Cette classification vient de la loi des trois secteurs, popularisée au milieu du vingtième siècle. Elle reste la grille de lecture officielle utilisée par l’Insee pour ventiler la production, l’emploi et la croissance par grands ensembles d’activités.
Ce que le code NAF apporte de plus précis
Le code NAF (nomenclature d’activité française) découpe le tertiaire en dizaines de divisions : hébergement-restauration, information-communication, activités financières, activités immobilières, services administratifs, santé humaine, arts et spectacles. On passe d’une catégorie fourre-tout à un outil opérationnel qui permet de comparer des données d’emploi entre territoires ou entre périodes.
Quand on cherche à comprendre où se créent les emplois, le code NAF est plus utile que l’étiquette « tertiaire » prise isolément. Un tableau de données Insee ventilé par division NAF révèle, par exemple, que la croissance de l’emploi dans les services aux entreprises ne compense pas forcément un recul dans le commerce de détail, même si les deux relèvent du tertiaire marchand.
Tertiarisation de l’économie : ce que cela change pour l’emploi
La tertiarisation désigne le basculement progressif de l’emploi et de la production vers les services. En France, le tertiaire représente aujourd’hui la très grande majorité des emplois salariés, loin devant l’industrie et l’agriculture.
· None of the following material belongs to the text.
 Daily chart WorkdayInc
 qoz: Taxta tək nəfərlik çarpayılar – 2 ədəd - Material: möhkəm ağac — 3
Ce phénomène a des conséquences directes sur le marché du travail :
- La part du travail à temps partiel est plus élevée dans les services que dans l’industrie, notamment dans l’hôtellerie-restauration et le commerce.
- Les qualifications demandées couvrent un spectre très large, du poste non qualifié en logistique au poste hautement spécialisé en ingénierie informatique.
- La mesure de la productivité, centrale dans l’industrie, pose des problèmes méthodologiques dans les services (comment quantifier la « production » d’un enseignant ou d’un travailleur social ?).
La tertiarisation ne signifie pas que l’industrie disparaît. Elle indique que la valeur ajoutée et l’emploi se déplacent vers les activités de services, y compris au sein d’entreprises industrielles qui externalisent la maintenance, la comptabilité ou la communication.
Emploi tertiaire et disparités territoriales
Sur le terrain, la répartition du tertiaire n’est pas uniforme. Les métropoles concentrent les services à forte valeur ajoutée (conseil, finance, technologies), tandis que les villes moyennes et les zones rurales dépendent davantage du tertiaire non marchand, porté par les services publics et la santé.
Lire un tableau de l’emploi par secteur sans tenir compte de cette géographie conduit à des conclusions faussées. La notion de tertiaire n’a de valeur analytique que si on la croise avec la taille des établissements, la distinction marchand/non marchand et le territoire concerné.

La définition du tertiaire reste un point de départ utile pour situer une activité dans le paysage économique. Elle ne suffit pas à comprendre les dynamiques réelles de l’emploi. Pour aller plus loin, on gagne à descendre au niveau des divisions NAF, à séparer marchand et non marchand, et à rapporter les chiffres à la réalité locale du bassin d’emploi qu’on observe.